Data provided:
###

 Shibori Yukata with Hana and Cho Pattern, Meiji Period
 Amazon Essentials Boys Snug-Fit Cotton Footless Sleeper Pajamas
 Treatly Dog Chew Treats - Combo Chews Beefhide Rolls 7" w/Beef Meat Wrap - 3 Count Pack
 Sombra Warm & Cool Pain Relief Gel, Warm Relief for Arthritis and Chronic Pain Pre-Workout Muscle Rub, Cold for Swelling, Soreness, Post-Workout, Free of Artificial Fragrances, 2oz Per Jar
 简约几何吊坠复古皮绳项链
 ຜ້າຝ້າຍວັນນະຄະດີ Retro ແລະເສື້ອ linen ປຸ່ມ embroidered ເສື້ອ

###

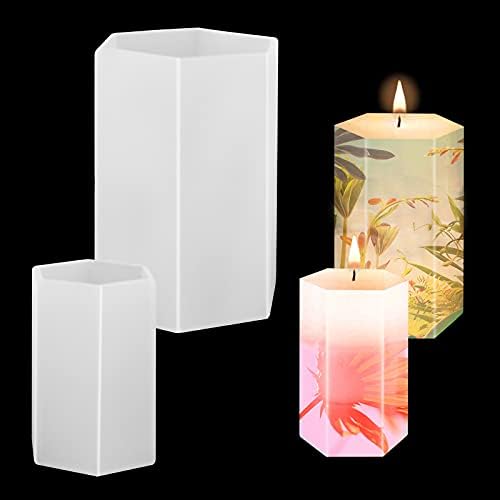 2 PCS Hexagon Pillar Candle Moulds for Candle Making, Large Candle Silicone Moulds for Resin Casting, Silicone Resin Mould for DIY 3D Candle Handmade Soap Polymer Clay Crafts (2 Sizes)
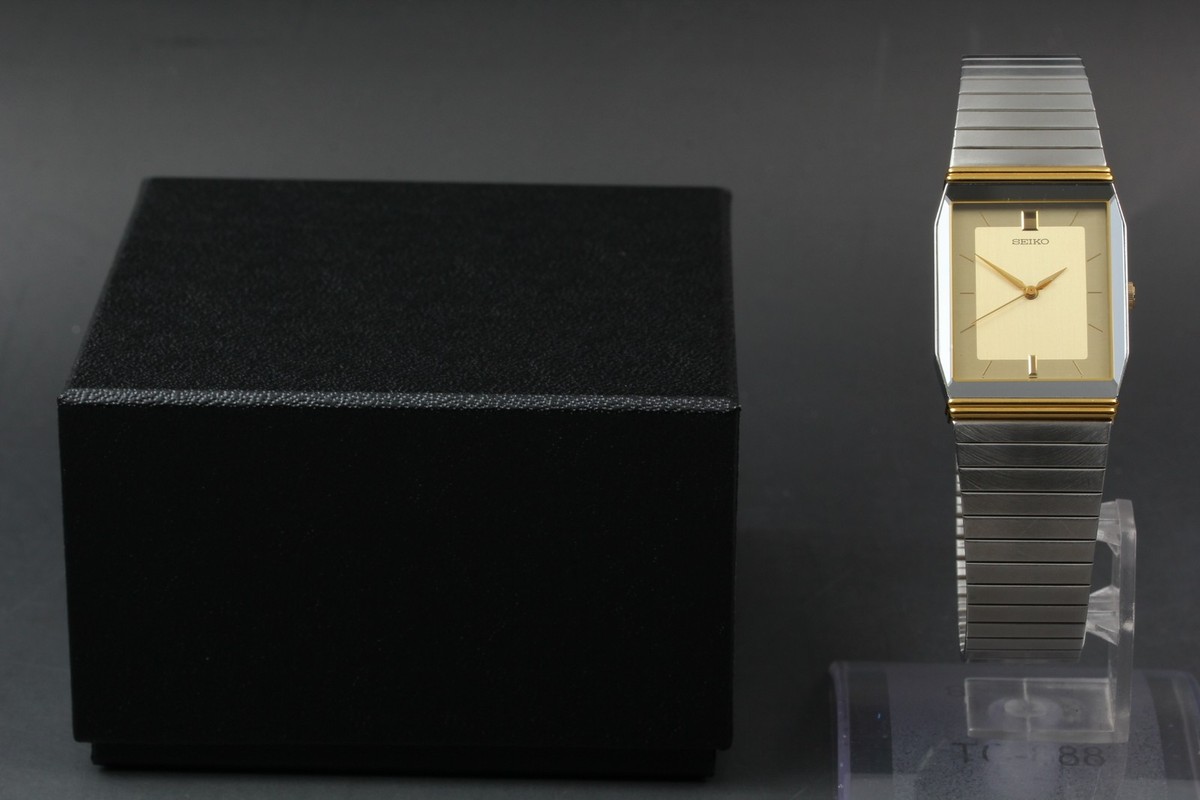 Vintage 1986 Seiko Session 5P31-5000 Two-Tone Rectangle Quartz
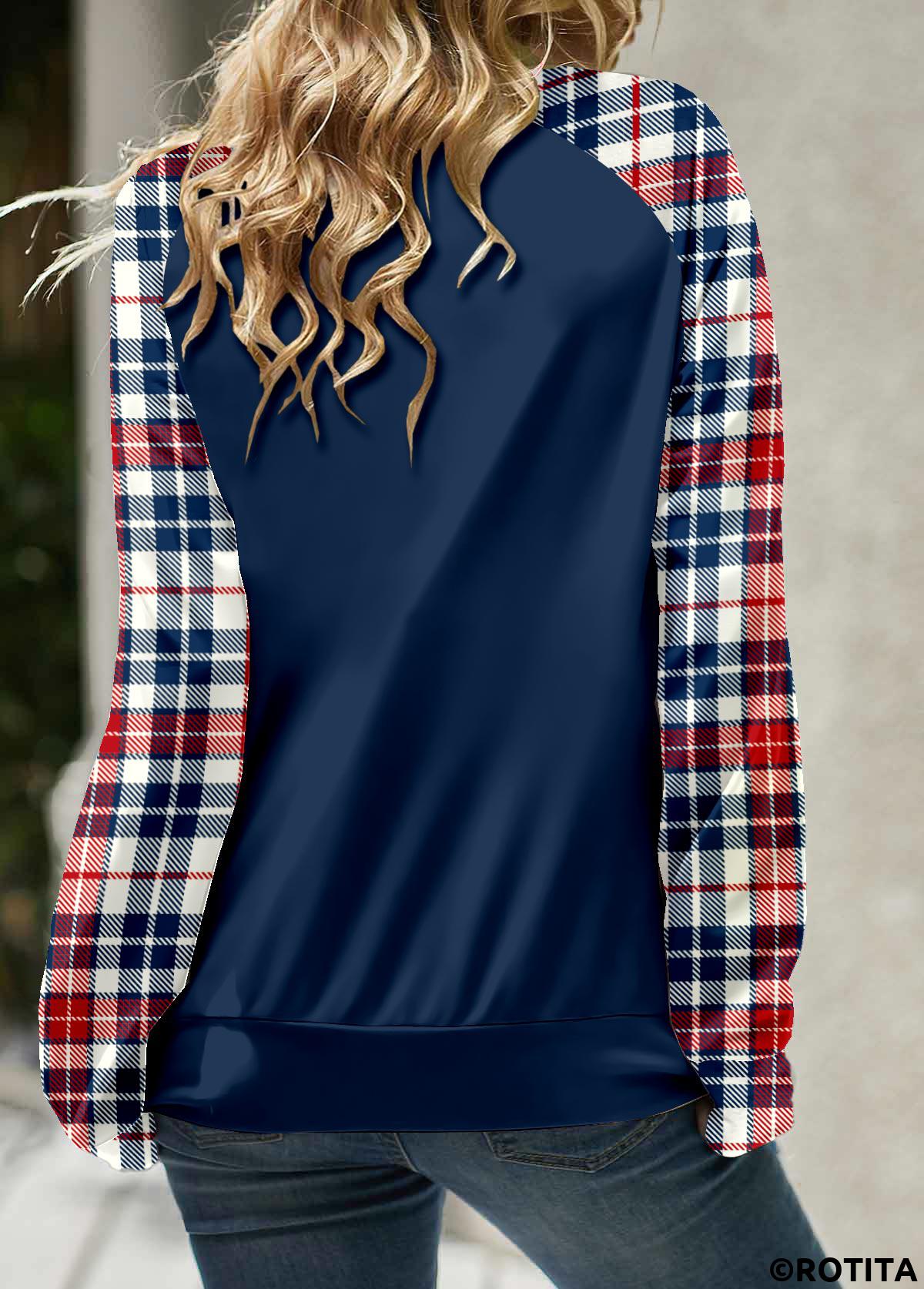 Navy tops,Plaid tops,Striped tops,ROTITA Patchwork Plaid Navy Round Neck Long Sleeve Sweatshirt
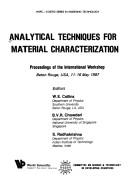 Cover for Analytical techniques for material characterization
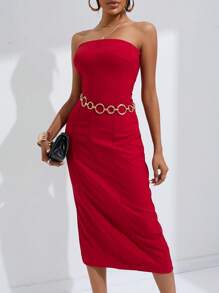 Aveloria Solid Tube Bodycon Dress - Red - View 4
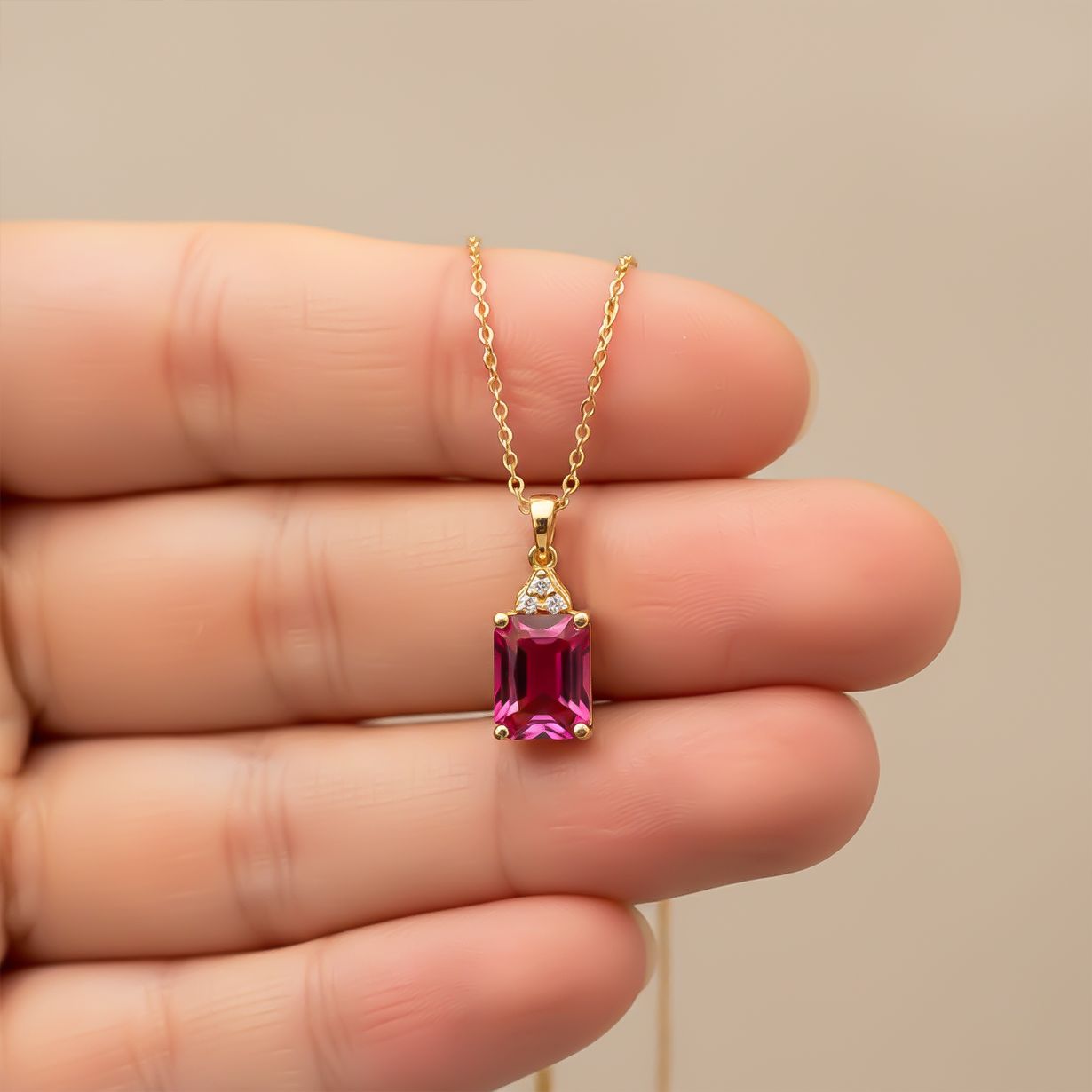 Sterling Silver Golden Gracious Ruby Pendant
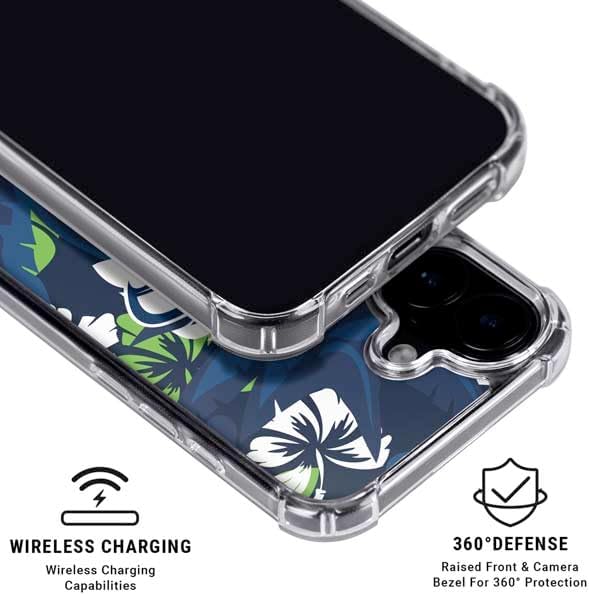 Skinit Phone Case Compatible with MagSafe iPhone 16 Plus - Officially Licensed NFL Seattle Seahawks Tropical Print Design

###

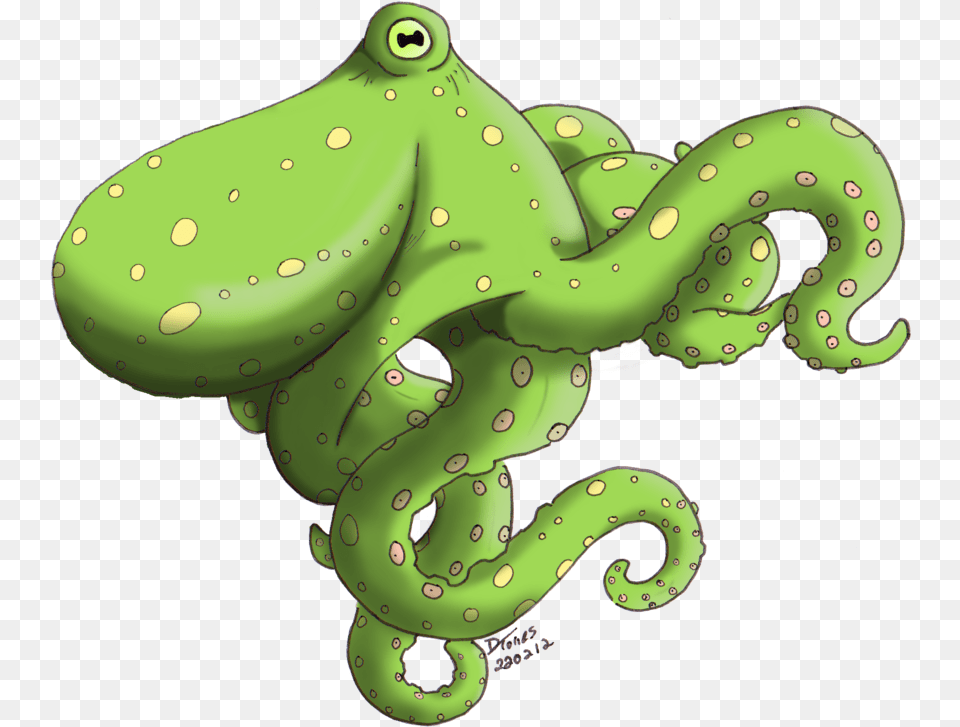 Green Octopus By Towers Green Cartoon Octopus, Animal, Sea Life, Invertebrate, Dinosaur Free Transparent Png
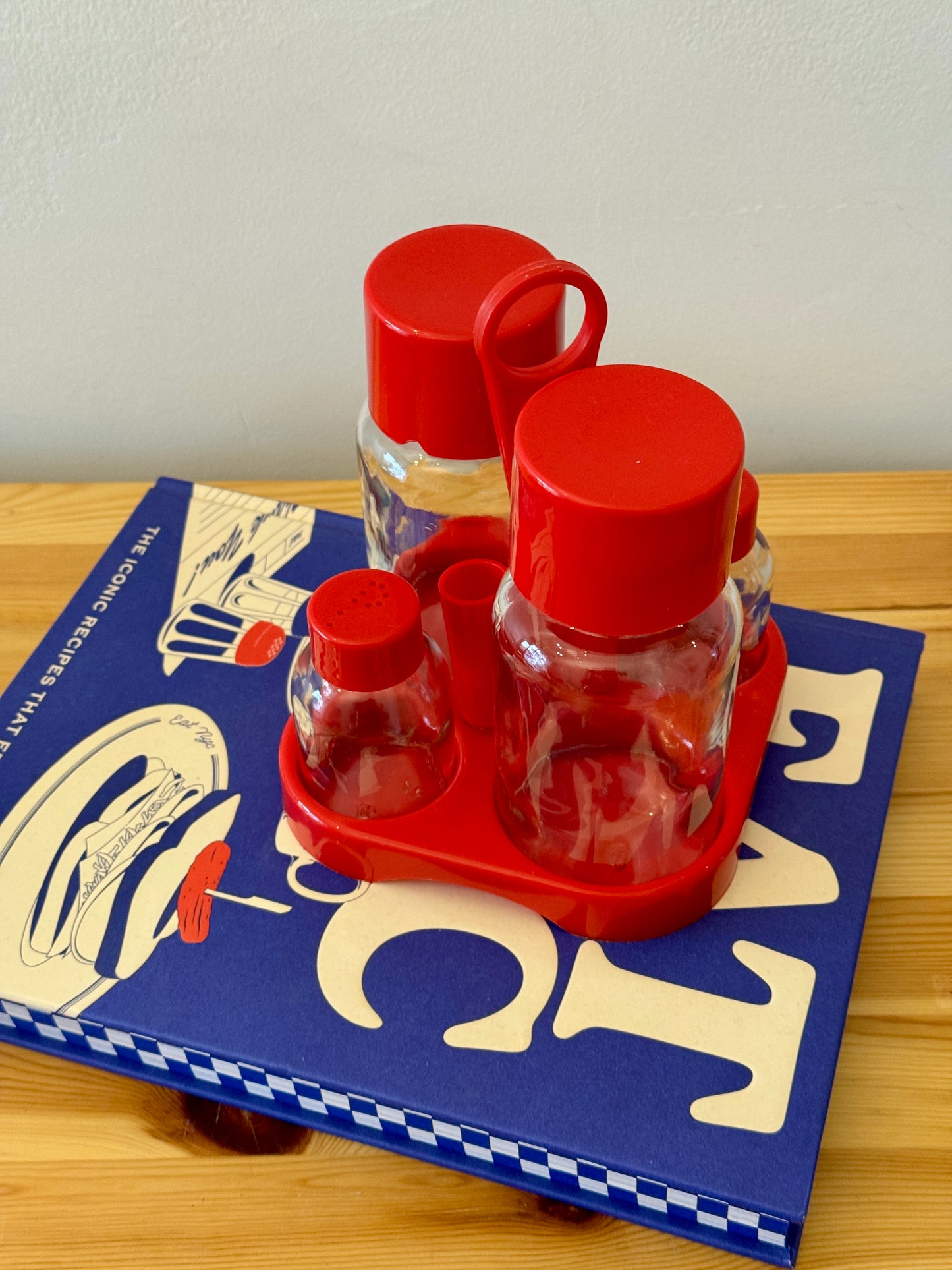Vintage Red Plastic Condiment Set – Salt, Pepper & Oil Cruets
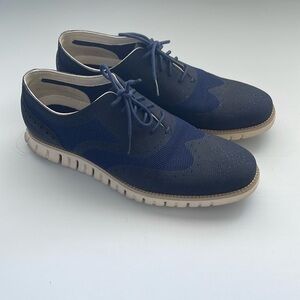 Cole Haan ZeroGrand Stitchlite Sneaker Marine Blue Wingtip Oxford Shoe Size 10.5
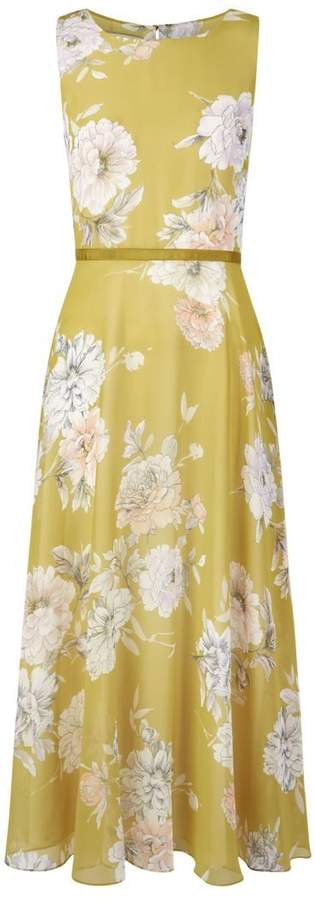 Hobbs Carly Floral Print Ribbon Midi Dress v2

###

What is expected: Please make an exact copy of the lines above from the line with "Shibori Yukata with" through the line with "Treatly Dog Chew", both ends included.

Task response:
 Shibori Yukata with Hana and Cho Pattern, Meiji Period
 Amazon Essentials Boys Snug-Fit Cotton Footless Sleeper Pajamas
 Treatly Dog Chew Treats - Combo Chews Beefhide Rolls 7" w/Beef Meat Wrap - 3 Count Pack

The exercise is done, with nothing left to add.